BRIEF: Go to the line that contains "Cuttlefish feeding" in the records below and repeat it, and each line after it, exactly through the end, omitting pictures.

*** DATASET RECORDS Section Begins ***

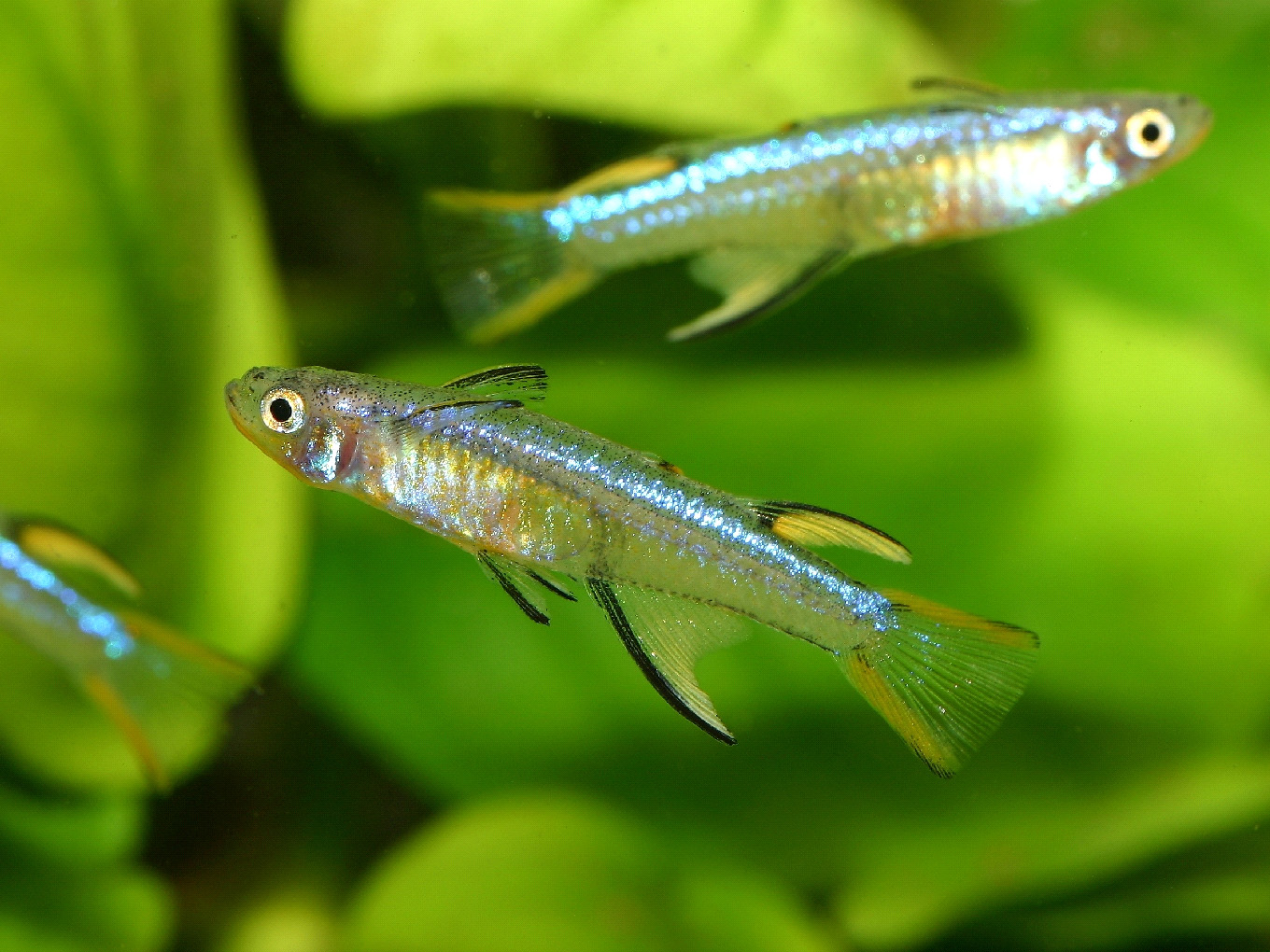 Pseudomugil cyanodorsalis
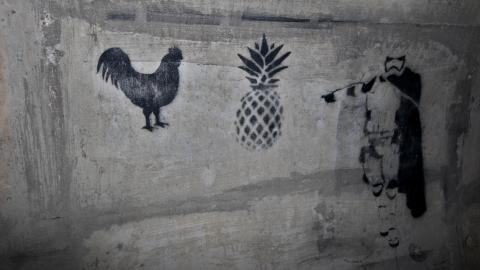 Up The Trash Panda Hole.... - IMG_8227.JPG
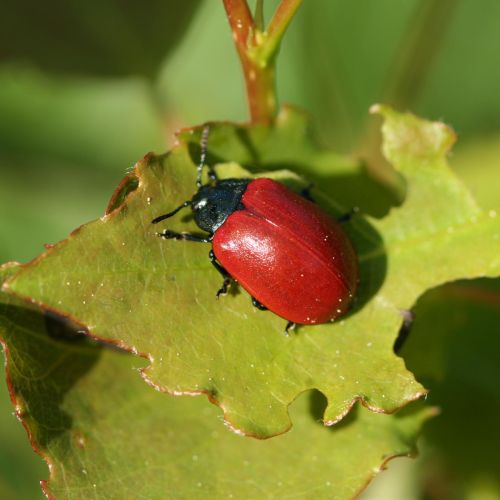 Melasoma populi 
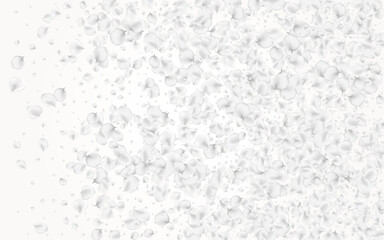 Gray Blossom Vector Light Background. Snowy Japan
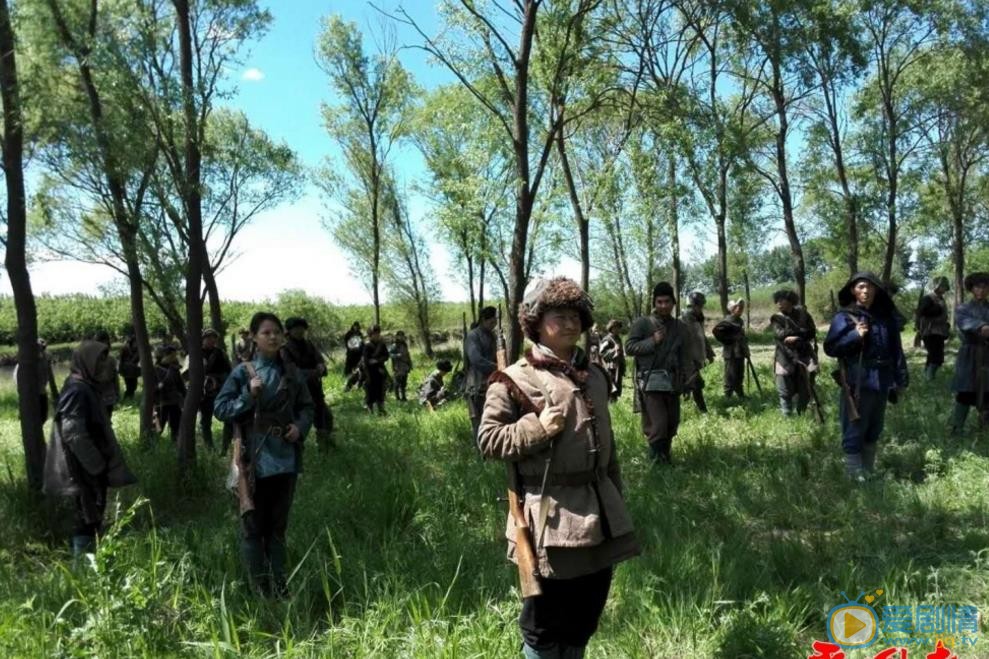爱国者剧情介绍(1-50集大结局)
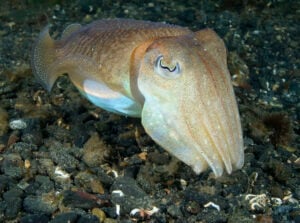 Cuttlefish feeding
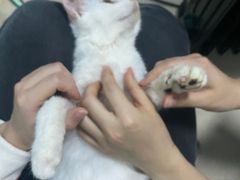 -爱贝特动物医院·猫口炎专科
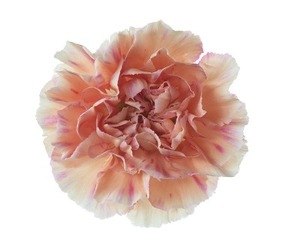 Carnation happy hoshi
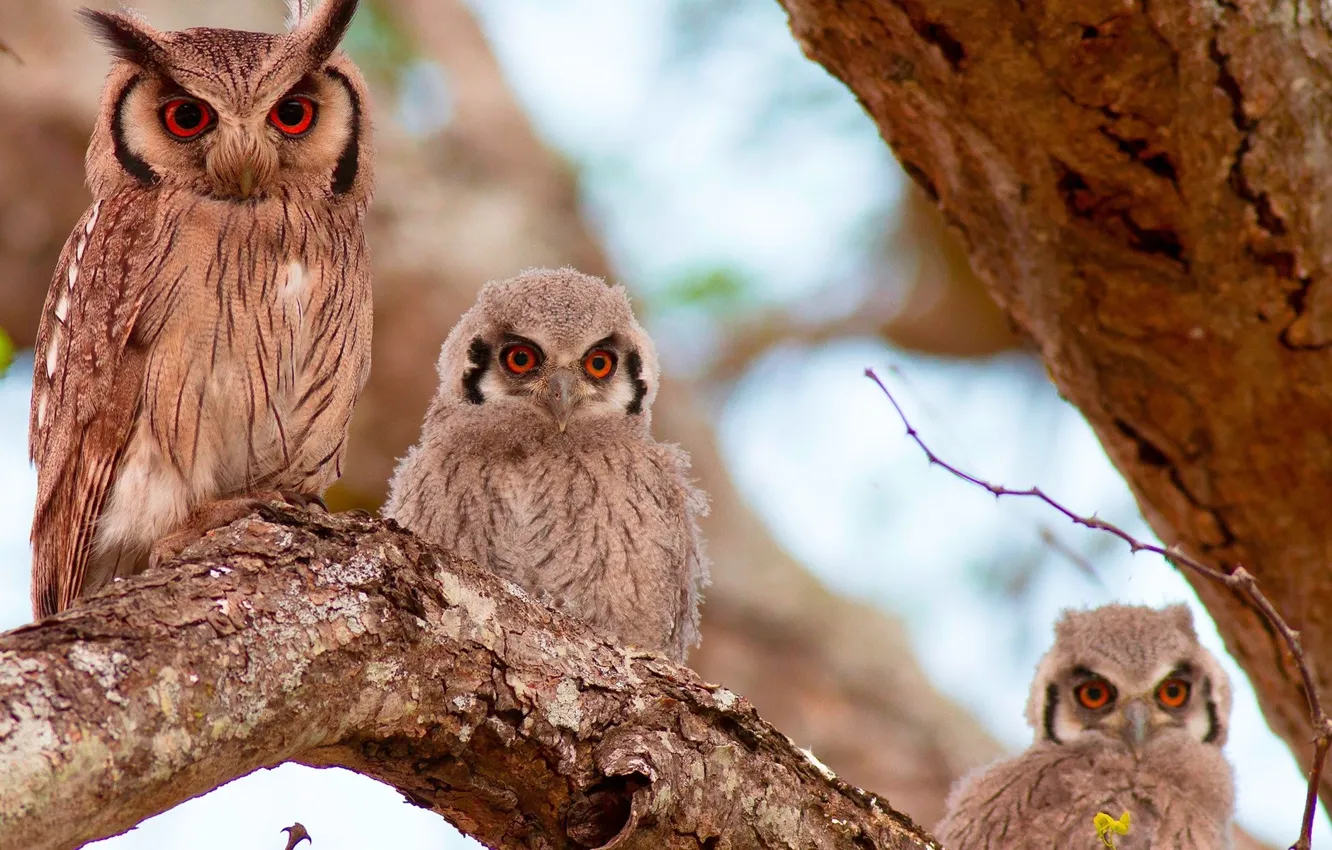 Фото обои animals, tree, wildlife, Three owls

*** DATASET RECORDS Section Ends ***

WRITTEN ANSWER:
 Cuttlefish feeding
 -爱贝特动物医院·猫口炎专科
 Carnation happy hoshi
 Фото обои animals, tree, wildlife, Three owls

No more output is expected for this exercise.